Top of INFORMATION GIVEN

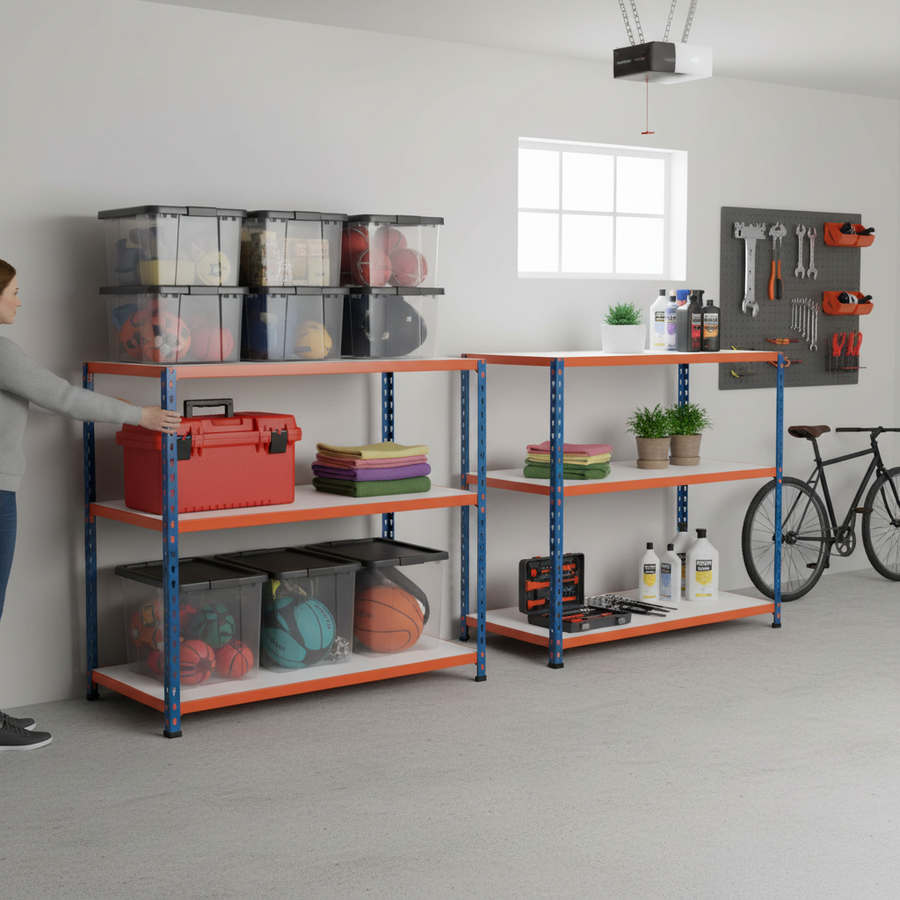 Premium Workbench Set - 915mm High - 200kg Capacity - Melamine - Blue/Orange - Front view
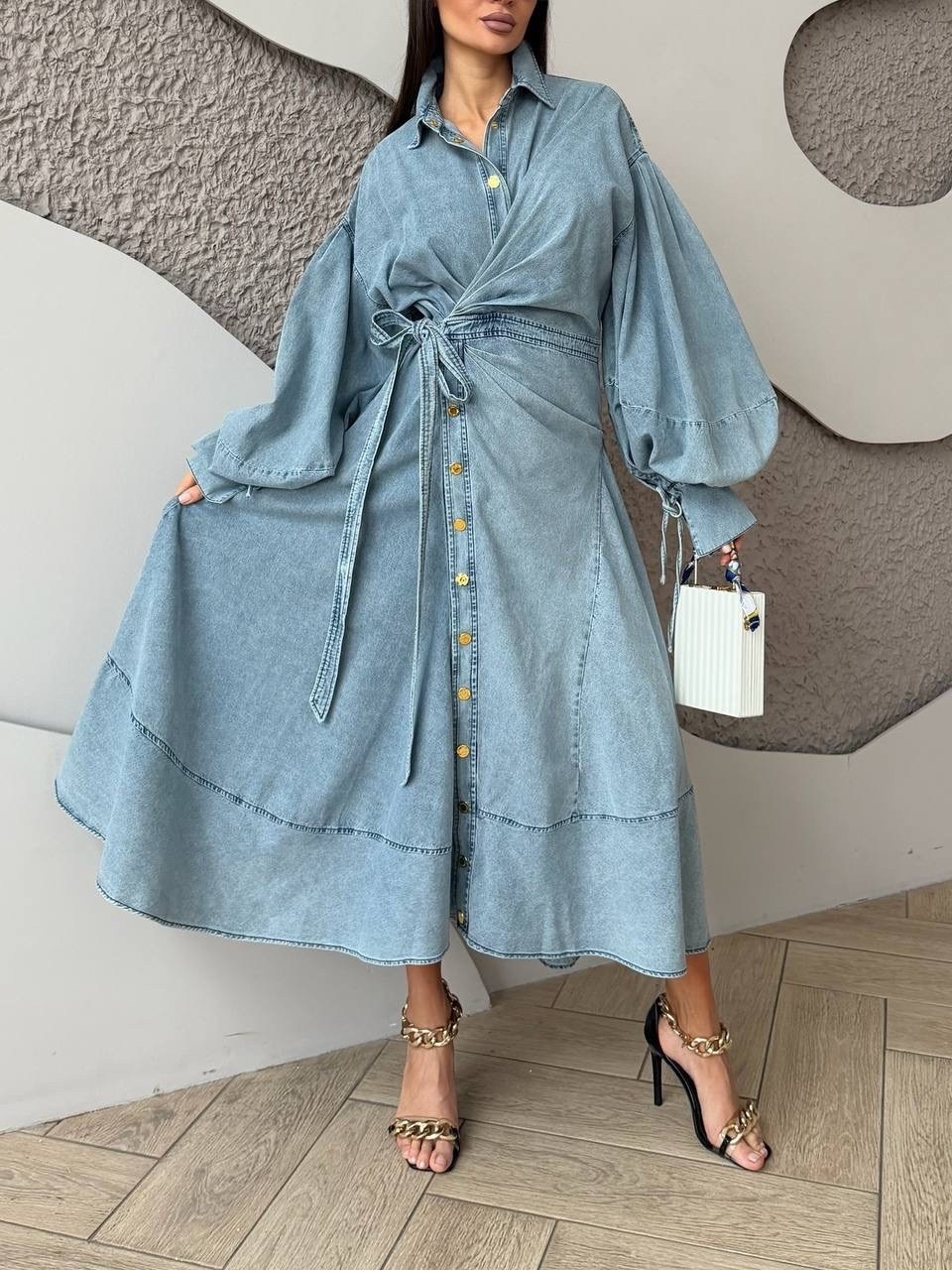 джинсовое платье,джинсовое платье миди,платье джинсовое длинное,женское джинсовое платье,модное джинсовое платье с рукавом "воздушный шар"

Bottom of INFORMATION GIVEN
Top of INFORMATION GIVEN

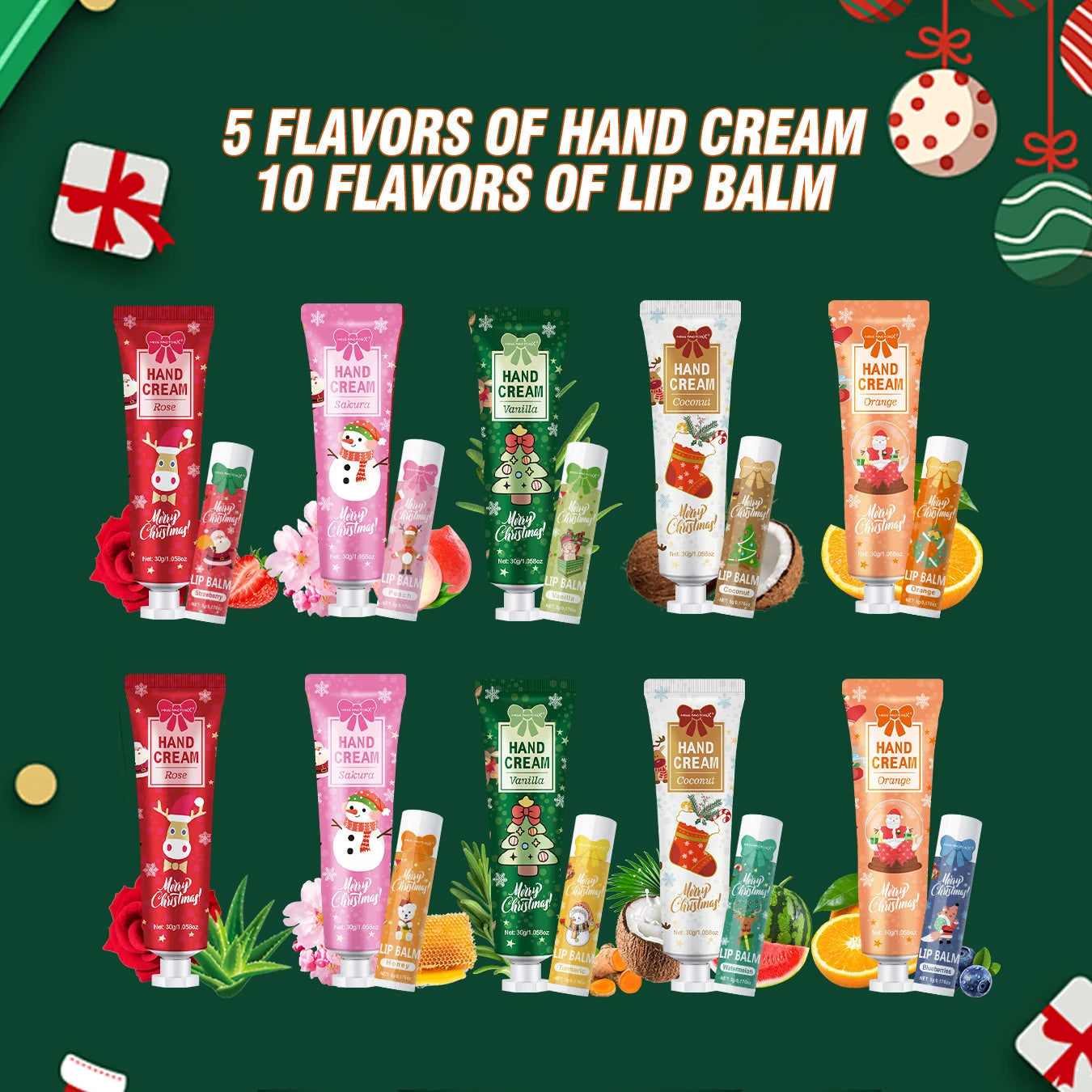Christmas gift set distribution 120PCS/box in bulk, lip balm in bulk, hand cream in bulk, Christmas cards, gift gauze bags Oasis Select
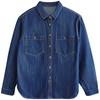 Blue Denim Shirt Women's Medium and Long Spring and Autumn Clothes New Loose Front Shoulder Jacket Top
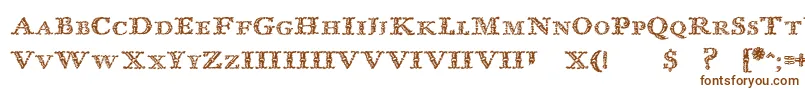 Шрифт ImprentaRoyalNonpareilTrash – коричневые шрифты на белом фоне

Bottom of INFORMATION GIVEN
Top of INFORMATION GIVEN

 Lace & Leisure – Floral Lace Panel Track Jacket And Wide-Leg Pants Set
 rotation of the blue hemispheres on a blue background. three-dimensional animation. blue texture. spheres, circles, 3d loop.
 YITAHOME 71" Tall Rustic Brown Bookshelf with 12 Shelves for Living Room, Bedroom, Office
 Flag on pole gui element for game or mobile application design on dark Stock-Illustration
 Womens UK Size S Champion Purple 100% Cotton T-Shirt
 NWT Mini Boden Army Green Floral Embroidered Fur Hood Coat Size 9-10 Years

Bottom of INFORMATION GIVEN

__DIRECTIONS__: Leave out the images and write out the lines above exactly, from the one with "Premium Workbench Set" up to and including the one with "джинсовое платье,джинсовое платье".

__RESPONSE__:
 Premium Workbench Set - 915mm High - 200kg Capacity - Melamine - Blue/Orange - Front view
 джинсовое платье,джинсовое платье миди,платье джинсовое длинное,женское джинсовое платье,модное джинсовое платье с рукавом "воздушный шар"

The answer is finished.